- Directed by: Frank Capra
- Written by: Elmer Harris (adaptation) Norman Springer (story) Rex Taylor
- Produced by: Harry Cohn
- Starring: Shirley Mason William Collier Jr. Johnnie Walker
- Cinematography: Ray June
- Edited by: Arthur Roberts
- Production company: Columbia Pictures
- Distributed by: Columbia Pictures
- Release date: February 6, 1928;
- Running time: 60 minutes
- Country: United States
- Language: English

= So This Is Love? (film) =

1928 film by Frank Capra

Full movie

So This is Love? is a 1928 American silent film directed by Frank Capra. It was produced by Harry Cohn for Columbia Pictures.

==Plot==
Jerry McGuire is a dress designer who is tired of being looked upon as a wimp.
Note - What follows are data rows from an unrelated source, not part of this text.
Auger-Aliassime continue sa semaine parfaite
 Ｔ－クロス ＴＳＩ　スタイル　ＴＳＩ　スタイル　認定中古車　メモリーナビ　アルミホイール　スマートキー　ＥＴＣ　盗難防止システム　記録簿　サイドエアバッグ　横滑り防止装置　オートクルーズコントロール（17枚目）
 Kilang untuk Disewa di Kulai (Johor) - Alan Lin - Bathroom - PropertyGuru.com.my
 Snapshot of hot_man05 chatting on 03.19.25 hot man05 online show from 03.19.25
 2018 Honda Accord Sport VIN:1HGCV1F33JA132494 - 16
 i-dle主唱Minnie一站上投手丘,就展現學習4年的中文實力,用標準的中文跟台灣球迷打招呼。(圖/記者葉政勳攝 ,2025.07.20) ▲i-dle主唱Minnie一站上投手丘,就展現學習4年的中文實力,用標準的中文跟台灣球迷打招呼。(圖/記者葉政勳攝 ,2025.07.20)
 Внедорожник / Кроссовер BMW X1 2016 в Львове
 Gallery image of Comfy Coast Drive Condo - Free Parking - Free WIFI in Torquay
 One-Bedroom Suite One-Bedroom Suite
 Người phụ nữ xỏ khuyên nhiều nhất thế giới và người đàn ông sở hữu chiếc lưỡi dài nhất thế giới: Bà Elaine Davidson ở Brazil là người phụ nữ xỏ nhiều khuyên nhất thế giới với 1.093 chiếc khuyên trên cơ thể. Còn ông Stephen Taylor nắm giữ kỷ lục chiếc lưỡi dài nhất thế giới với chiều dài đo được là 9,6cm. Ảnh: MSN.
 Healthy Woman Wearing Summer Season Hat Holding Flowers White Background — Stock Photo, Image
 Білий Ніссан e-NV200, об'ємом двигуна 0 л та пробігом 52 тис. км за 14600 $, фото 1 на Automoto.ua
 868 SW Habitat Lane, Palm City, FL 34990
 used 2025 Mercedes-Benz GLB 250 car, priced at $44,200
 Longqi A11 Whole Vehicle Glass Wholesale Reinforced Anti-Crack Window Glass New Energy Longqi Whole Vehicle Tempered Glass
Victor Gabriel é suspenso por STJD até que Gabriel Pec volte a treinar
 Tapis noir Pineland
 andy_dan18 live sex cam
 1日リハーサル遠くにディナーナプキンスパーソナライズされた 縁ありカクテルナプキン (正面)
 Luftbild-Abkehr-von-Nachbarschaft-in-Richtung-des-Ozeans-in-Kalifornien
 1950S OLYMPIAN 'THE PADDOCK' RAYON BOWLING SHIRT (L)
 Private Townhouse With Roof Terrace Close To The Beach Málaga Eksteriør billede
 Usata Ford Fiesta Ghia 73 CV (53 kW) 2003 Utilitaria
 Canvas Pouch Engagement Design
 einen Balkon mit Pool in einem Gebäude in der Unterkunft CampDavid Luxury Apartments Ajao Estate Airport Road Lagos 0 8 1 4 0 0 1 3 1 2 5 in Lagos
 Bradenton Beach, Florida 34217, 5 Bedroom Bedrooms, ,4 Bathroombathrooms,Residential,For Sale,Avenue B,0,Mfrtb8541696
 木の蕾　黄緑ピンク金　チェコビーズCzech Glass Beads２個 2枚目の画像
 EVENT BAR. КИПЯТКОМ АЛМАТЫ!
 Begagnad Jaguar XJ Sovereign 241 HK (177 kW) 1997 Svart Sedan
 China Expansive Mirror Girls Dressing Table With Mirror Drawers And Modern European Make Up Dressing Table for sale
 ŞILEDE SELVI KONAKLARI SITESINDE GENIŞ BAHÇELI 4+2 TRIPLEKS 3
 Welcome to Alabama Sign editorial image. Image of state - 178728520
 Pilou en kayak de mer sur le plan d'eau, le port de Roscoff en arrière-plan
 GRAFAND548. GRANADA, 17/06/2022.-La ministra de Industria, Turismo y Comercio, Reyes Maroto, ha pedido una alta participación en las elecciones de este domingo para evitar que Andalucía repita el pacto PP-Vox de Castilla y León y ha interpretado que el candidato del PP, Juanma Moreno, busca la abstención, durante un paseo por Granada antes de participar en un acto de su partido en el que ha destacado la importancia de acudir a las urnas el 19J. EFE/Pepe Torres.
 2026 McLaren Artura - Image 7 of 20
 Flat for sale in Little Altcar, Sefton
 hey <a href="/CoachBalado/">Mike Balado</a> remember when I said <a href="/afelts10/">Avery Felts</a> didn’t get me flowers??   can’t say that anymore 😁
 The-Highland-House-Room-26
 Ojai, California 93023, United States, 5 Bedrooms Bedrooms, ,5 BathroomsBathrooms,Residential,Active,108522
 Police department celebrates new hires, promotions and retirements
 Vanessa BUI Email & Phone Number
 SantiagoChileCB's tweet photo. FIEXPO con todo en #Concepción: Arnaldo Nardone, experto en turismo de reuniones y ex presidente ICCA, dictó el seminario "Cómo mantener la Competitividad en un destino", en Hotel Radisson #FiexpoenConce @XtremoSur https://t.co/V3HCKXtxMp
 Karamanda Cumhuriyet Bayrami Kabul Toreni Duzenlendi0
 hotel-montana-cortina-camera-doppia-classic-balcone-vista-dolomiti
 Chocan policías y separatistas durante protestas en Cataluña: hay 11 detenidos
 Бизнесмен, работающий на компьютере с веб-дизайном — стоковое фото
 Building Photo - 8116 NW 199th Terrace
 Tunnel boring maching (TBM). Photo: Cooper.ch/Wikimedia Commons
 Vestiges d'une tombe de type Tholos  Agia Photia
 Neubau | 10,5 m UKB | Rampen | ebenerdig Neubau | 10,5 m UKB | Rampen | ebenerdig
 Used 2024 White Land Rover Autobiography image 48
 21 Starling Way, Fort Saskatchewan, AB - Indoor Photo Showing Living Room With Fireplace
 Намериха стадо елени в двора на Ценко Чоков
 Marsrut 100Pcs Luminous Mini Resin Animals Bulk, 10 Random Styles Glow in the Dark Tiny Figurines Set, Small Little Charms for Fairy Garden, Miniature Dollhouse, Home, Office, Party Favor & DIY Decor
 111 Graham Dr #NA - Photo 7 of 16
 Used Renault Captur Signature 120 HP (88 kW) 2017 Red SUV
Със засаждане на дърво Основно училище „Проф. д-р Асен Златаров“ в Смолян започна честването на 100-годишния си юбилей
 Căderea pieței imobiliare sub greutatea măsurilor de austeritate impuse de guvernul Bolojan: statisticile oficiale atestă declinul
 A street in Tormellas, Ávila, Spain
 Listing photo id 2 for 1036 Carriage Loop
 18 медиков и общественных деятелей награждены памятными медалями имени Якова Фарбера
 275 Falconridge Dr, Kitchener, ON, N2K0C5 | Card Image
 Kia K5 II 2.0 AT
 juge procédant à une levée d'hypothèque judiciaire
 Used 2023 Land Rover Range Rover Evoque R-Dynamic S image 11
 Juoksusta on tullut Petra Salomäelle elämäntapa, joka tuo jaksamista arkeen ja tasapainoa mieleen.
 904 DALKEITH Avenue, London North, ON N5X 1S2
He begins secretly training as a boxer to take on Spike Mullins and win the affections of store clerk Hilda Jensen.

==Cast==
- Shirley Mason as Hilda Jenson
- William Collier Jr. as Jerry McGuire
- Johnnie Walker as Spike Mullins
- Ernie Adams as Flash Tracy
- Carl Gerard as Otto
- William H. Strauss as Maison Katz
- Jean Laverty as Mary Malone

==Preservation and status==
Complete copies are held at the Cinematheque Royale de Belgique and the Library of Congress.